Biólogos acreditam que fauna e flora do rio levarão 10 anos para se recuperar.
O vazamento de 1,5 bilhão de litros de produtos químicos produzidos por uma fábrica mineira matou o Rio Pomba. Segundo biólogos, a fauna e a flora do rio deverão levar até 10 anos para se recuperar. E o envenenamento da água já intoxicou animais que vivem às margens do rio: cerca de 100 animais, entre cavalos, bois, cães e gatos, em Santo Antônio de Pádua, no Noroeste do Estado. Outros cinco municípios foram atingidos pelos produtos que chegaram ao Rio Paraíba do Sul e, hoje à noite, devem atingir a cidade de Campos, onde poderá ficar por uma semana devido à maré. Não há registro de pessoas contaminadas, mas especialistas acreditam ser inevitáveis casos de intoxicação humana.
- É pouco provável que se consiga avisar a todos - avalia o especialista em engenharia oceânica da Coppe/UFRJ, Paulo Rosman.

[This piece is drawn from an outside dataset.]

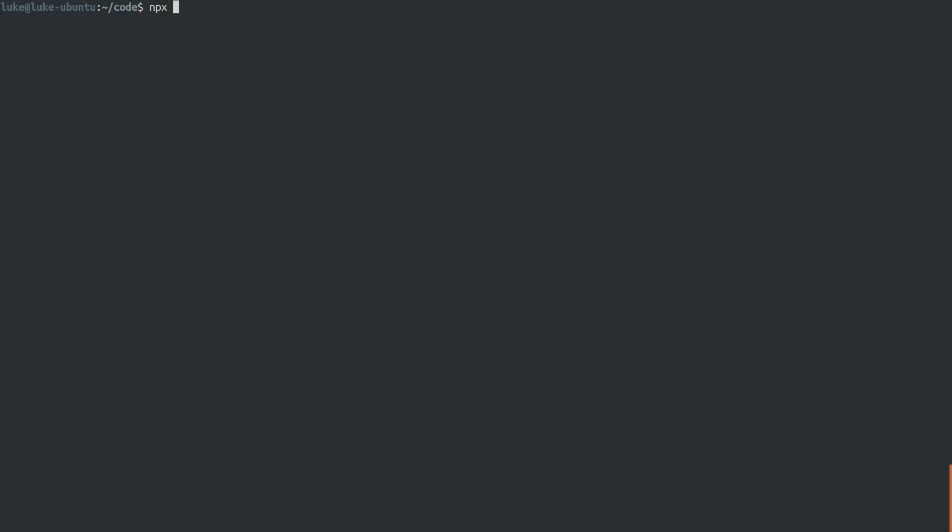So if you have NPM later than 5.2 installed, you can run what's called NPX, and we can check if we've got that by running version, and I do. So now I can say NPX create Nuxt app, and then put in the name of our project, which will be learning Nuxt.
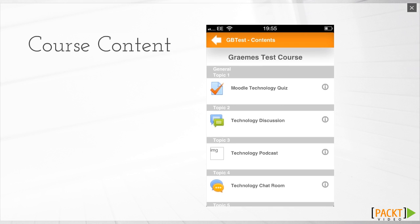Course content is a key aspect of any mobile learning. This section shows all the different activities that are available in your course. When testing the app, most of the activities tend to take you through to the web version of the activity, but future releases will integrate this more into the app.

A empresa Cataguazes de Papéis - em município mineiro de mesmo nome - cuja barragem se rompeu na sexta-feira à noite, provocando o desastre ambiental, foi fechada pelo governo mineiro. Hoje, um laudo técnico deverá definir o valor da multa aplicada pelos órgãos ambientais daquele Estado. Ontem, a empresa já foi multada em R$ 50 milhões pelo Batalhão de Polícia Florestal e de Meio Ambiente do Rio.

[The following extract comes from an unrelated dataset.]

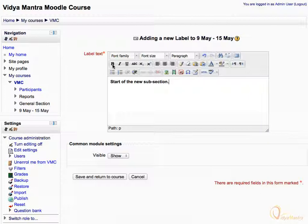You can also hide or show the label using the Visible drop-down menu under Common Module Settings. Select Show.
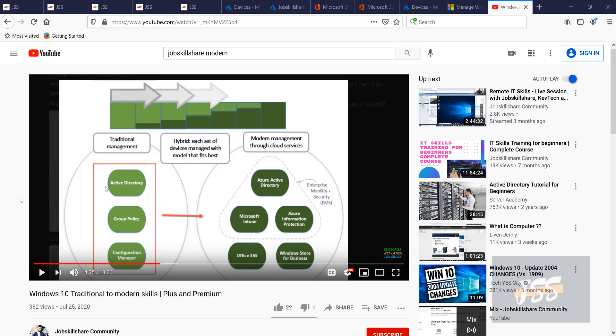Hello everyone, this is Danish from jobskillshare.org. A few months ago, I created a video. The name of this video is Windows 10 Traditional to Modern Skills Plus and Premium Members. Now, the title of this video is going to be Get Modernized or You're Going to Be Left Behind.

Em Pádua e São Fidélis, o abastecimento de água foi interrompido e o estado de emergência, decretado. Para suprir 65% da população de Santo Antônio de Pádua, 20 carros-pipa foram providenciados, e o secretário estadual de Meio Ambiente, Luiz Paulo Conde, autorizou a perfuração de oito poços artesianos. As aulas foram paralisadas, assim como indústria e agropecuária. Cerca de 3 mil trabalhadores estão parados.

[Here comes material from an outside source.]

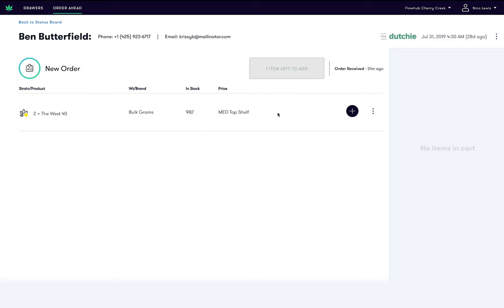You can also view details about the customer including the phone number and email address in case you need to get in touch with a customer for any changes to their order.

Além de Santo Antônio de Pádua e São Fidélis, os municípios de Aperibé, Cambuci, Itaocara e Miracema foram atingidos e estão sem água. Em Campos, os canais de irrigação foram fechados preventivamente. Rosman acredita que lá os efeitos serão prolongados. Chegando ao mar, os produtos, menos concentrados, ficarão por mais tempo porque o estuário sofre a retenção da água e o material ficará sujeito aos movimentos da maré, o que pode demorar uma semana.


Agência tenta acelerar rio
Projeto para trazer peixes de volta ao Pomba é destruído
A Agência Nacional de Águas (ANA) aumentou a vazão de dois reservatórios do Rio Pomba e um do Paraíba do Sul para que o material tóxico chegue mais diluído e rapidamente ao mar. Segundo o presidente da ANA, Jerson Kelman, a expectativa é de que isso ocorra na noite de hoje. Técnicos que analisaram o vazamento afirmam que não há o que fazer a não ser esperar que os produtos se diluam no mar.
Uma das maiores vítimas do desastre foi o Projeto Piabanha, desenvolvido em seis municipios - dois deles atingidos pela mancha tóxica, Aperibé e Santo Antônio de Pádua. O projeto, da Associação de Pescadores e Amigos do Rio Paraíba, luta desde 1997 para aumentar a população de quatro espécies em risco de extinção: a piabanha, a pirapitinga, a grumatã e o surubim-do-paraíba. Segundo o coordenador do projeto, Guilherme Souza, a população de peixes foi praticamente eliminada, destruindo o trabalho realizado e que, ano passado, soltou 120 mil alevinos. Segundo ele, serão necessários até 10 anos para que a vida no rio seja restaurada.
Ambientalistas do Movimento Grito das Águas sugeriram ontem ao Congresso Nacional a criação de uma comissão externa que investigue a contaminação dos rios Pomba e Parnaíba. O deputado Fernando Gabeira (PT-RJ) já se pronunciou a favor, assim como outros três deputados.